→ **WHAT NEEDS TO BE DONE**: Whenever the word "White" appears in a line of the data below, copy that line.

Extracted records:
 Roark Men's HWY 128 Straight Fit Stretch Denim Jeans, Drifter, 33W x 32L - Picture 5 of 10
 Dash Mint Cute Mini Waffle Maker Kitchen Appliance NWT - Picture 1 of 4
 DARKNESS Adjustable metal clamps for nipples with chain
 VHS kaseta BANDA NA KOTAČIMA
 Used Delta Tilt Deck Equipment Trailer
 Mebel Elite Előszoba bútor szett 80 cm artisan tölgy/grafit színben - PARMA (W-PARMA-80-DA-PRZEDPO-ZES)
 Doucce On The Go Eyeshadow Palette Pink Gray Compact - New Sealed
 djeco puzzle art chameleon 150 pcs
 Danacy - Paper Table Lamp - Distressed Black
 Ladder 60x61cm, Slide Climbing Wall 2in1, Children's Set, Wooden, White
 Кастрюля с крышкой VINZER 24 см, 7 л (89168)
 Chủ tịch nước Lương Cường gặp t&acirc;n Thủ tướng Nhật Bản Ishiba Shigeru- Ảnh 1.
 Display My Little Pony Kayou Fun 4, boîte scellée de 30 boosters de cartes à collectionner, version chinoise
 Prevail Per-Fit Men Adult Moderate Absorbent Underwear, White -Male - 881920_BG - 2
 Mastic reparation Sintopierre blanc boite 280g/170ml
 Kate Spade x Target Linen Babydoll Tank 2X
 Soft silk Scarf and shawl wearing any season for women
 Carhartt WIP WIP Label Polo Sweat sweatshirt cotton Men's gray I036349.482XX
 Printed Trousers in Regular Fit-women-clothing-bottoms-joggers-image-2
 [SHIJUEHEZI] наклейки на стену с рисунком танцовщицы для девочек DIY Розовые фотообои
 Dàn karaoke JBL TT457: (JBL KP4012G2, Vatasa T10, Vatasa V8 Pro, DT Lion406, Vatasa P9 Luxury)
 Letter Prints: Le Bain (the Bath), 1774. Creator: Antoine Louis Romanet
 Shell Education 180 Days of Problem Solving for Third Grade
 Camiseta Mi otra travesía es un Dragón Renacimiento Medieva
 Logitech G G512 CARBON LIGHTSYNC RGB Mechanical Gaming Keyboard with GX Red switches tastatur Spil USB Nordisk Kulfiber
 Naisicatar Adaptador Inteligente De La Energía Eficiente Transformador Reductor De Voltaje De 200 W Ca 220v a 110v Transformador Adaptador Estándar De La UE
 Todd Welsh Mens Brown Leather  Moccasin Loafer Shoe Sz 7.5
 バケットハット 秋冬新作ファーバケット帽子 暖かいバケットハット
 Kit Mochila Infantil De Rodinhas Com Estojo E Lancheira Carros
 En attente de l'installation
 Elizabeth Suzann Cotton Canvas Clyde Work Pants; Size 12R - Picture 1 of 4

→ **RESULT OF THIS EXERCISE**:
 Ladder 60x61cm, Slide Climbing Wall 2in1, Children's Set, Wooden, White
 Prevail Per-Fit Men Adult Moderate Absorbent Underwear, White -Male - 881920_BG - 2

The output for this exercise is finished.